------ GIVEN DATA ------
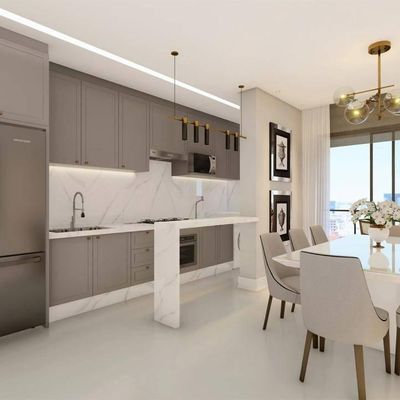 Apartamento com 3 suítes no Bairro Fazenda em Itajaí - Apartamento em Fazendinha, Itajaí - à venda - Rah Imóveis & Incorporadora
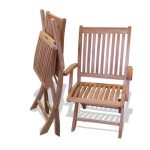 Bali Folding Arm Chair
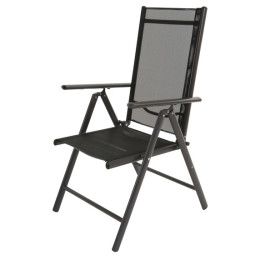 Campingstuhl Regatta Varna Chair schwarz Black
------
------ GIVEN DATA ------
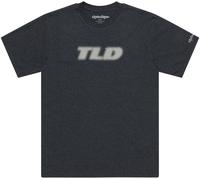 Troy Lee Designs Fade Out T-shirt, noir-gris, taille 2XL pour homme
------
------ GIVEN DATA ------
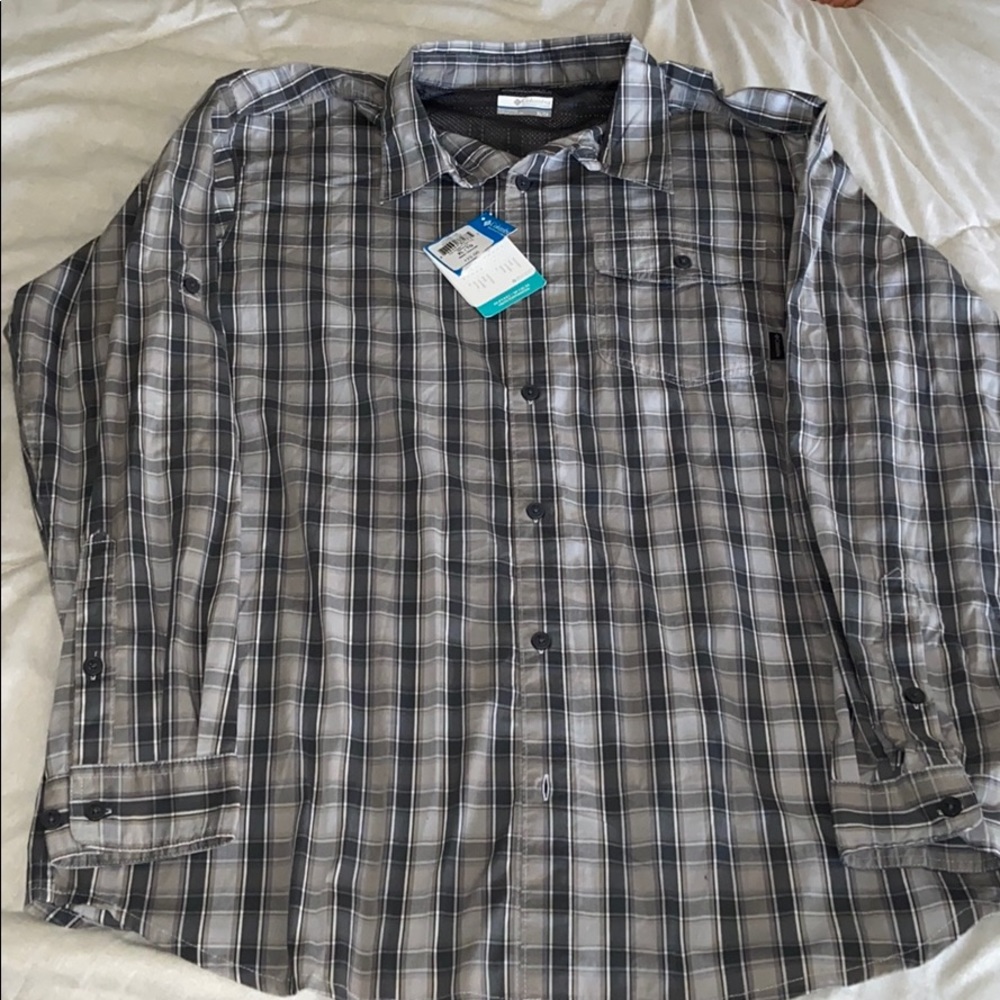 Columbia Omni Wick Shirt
------
**WHAT THE TASK REQUIRES:** Above are the records; copy exactly the lines from the one with "Bali Folding Arm Chair" through the one with "Campingstuhl Regatta Varna", including both, and nothing more. Leave out pictures.

**RESPONSE TO THE TASK:**
 Bali Folding Arm Chair
 Campingstuhl Regatta Varna Chair schwarz Black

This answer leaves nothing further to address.